French often uses the pattern:
- venir + infinitive = to come (in order) to do something
So:
- venir dîner = to come (in order) to have dinner
Adding souvent (often):
- vient souvent dîner = comes often to have dinner / often comes to dinner
Using venir à dîner or venir pour dîner is either wrong or at least unnatural in this meaning. The simple, idiomatic structure is:
- venir + infinitive (no preposition)
When you have:
- A conjugated verb + an infinitive
- And an adverb like souvent
The usual order is:
- [conjugated verb] + [adverb] + [infinitive]
So:
- vient souvent dîner
Other positions are possible for emphasis (for example Souvent, elle vient dîner avec eux.), but the default neutral order inside this phrase is exactly what you see.

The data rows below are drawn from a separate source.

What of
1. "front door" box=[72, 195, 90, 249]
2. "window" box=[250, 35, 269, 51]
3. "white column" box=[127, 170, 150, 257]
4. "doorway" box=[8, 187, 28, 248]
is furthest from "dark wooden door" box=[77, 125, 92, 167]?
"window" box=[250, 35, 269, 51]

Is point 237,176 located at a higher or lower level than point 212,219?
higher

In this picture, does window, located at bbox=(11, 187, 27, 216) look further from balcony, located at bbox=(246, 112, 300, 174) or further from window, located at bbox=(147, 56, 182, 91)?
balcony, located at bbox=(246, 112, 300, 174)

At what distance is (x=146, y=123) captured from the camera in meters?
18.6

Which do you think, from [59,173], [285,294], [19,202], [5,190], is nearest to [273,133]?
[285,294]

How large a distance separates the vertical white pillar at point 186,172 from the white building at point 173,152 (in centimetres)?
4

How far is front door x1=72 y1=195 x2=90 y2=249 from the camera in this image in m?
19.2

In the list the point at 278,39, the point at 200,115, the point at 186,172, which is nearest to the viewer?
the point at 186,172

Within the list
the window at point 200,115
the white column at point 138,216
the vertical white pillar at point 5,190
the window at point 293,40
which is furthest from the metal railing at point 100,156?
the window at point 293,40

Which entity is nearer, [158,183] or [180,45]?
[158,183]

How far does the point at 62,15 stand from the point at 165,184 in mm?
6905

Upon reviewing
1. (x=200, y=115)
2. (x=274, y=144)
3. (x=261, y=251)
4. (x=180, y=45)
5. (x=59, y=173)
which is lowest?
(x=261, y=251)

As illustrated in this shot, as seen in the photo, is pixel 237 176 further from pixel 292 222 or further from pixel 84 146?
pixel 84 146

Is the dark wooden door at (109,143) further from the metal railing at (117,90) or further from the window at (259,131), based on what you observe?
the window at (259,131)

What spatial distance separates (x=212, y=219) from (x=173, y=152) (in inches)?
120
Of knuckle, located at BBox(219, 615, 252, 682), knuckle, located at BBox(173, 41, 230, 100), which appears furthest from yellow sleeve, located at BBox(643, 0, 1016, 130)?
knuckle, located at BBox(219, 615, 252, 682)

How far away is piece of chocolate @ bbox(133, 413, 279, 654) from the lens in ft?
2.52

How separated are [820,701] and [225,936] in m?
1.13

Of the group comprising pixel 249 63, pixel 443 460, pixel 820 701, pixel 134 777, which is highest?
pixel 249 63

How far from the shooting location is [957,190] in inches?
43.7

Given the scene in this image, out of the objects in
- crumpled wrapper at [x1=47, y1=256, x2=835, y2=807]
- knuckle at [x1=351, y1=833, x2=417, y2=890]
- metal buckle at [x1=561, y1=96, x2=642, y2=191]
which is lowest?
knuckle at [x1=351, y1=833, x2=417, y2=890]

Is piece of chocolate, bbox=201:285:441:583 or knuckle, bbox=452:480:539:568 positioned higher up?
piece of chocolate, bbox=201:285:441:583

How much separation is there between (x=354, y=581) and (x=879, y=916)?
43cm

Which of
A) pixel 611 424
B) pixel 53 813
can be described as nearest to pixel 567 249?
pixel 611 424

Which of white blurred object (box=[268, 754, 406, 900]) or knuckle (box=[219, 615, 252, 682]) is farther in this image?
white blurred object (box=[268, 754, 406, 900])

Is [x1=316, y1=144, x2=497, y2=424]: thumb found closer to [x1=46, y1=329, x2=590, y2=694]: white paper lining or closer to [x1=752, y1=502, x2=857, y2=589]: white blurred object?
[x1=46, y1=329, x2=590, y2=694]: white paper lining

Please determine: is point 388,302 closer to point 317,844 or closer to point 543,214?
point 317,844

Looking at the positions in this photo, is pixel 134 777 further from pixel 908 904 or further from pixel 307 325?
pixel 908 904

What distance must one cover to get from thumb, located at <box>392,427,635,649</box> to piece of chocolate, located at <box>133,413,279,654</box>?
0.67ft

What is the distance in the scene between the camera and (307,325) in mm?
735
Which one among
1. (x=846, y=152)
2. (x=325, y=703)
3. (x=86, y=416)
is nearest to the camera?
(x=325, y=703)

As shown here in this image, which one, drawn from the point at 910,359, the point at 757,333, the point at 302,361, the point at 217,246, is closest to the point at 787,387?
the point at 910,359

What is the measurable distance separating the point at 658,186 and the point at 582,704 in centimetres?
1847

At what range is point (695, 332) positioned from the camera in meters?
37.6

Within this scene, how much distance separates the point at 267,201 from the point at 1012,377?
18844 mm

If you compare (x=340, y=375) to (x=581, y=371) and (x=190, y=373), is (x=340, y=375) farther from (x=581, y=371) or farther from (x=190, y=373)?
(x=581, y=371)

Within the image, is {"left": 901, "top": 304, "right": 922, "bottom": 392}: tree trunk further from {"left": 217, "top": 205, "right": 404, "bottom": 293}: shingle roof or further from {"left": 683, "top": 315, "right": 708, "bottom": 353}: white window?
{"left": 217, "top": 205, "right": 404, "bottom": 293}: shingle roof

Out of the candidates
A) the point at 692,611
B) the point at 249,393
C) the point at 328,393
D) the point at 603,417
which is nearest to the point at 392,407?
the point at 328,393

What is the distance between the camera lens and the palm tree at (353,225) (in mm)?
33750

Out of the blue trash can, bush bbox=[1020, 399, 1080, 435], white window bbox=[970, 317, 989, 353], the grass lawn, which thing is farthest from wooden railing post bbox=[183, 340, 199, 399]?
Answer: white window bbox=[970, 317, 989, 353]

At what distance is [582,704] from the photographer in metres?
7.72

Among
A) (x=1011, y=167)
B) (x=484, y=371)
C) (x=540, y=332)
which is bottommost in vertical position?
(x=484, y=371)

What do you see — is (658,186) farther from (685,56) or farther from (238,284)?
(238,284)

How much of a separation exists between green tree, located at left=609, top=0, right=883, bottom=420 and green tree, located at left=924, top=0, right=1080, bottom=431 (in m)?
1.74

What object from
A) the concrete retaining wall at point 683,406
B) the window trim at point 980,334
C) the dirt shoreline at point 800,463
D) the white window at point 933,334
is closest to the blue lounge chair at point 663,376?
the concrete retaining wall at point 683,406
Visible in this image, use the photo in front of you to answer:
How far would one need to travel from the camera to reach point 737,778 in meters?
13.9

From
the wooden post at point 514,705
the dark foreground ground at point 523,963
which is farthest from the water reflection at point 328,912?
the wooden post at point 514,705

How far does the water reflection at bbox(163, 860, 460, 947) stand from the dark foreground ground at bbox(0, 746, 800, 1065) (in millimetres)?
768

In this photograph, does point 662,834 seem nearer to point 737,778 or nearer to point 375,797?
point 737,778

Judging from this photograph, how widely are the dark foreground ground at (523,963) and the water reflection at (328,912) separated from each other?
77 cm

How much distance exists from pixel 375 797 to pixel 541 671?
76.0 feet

Here dîner is a verb in the infinitive form.
Clues:
- It comes directly after another verb (vient).
- The pattern venir + infinitive is very common: venir manger, venir voir, venir aider, etc.
If dîner were a noun meaning “dinner”, you would usually see:
- le dîner (with an article)
e.g. Elle vient pour le dîner. = She is coming for (the) dinner.
In your sentence, there is no article and it follows vient, so it is the infinitive verb: “to have dinner”.
After prepositions like avec, French uses stressed pronouns (also called disjunctive pronouns), not subject pronouns.
Subject pronoun (used before verbs):
- ils = they
Stressed pronoun (used after prepositions, for emphasis, etc.):
- eux = them (masculine or mixed group)
- elles = them (all-female group)
So you must say:
- avec eux = with them
- avec elles = with them (all women)
Leur is a possessive adjective or an indirect object pronoun (their / to them), so avec leur is incorrect here.
Yes, that is grammatically correct, but the structure and focus change:
Original sentence (with relative clause):
- Leur voisine est une adulte célibataire qui vient souvent dîner avec eux.
- Everything is packed into one sentence; “who often comes to have dinner with them” is attached directly to “a single adult”.
Two separate sentences:
- Leur voisine vient souvent dîner avec eux. Elle est une adulte célibataire.
- First you say what she does (often comes to dinner),
- Then as a separate piece of information you add that she is a single adult.
Meaning is very similar, but the original combines both facts into a single, smoother description.
You would have to make the relevant words masculine:
- Leur voisin est un adulte célibataire qui vient souvent dîner avec eux.
Changes:
- voisine → voisin (masculine neighbor)
- une adulte → un adulte (masculine form)
- célibataire stays the same in the singular
- vient, souvent, dîner, avec eux all stay the same.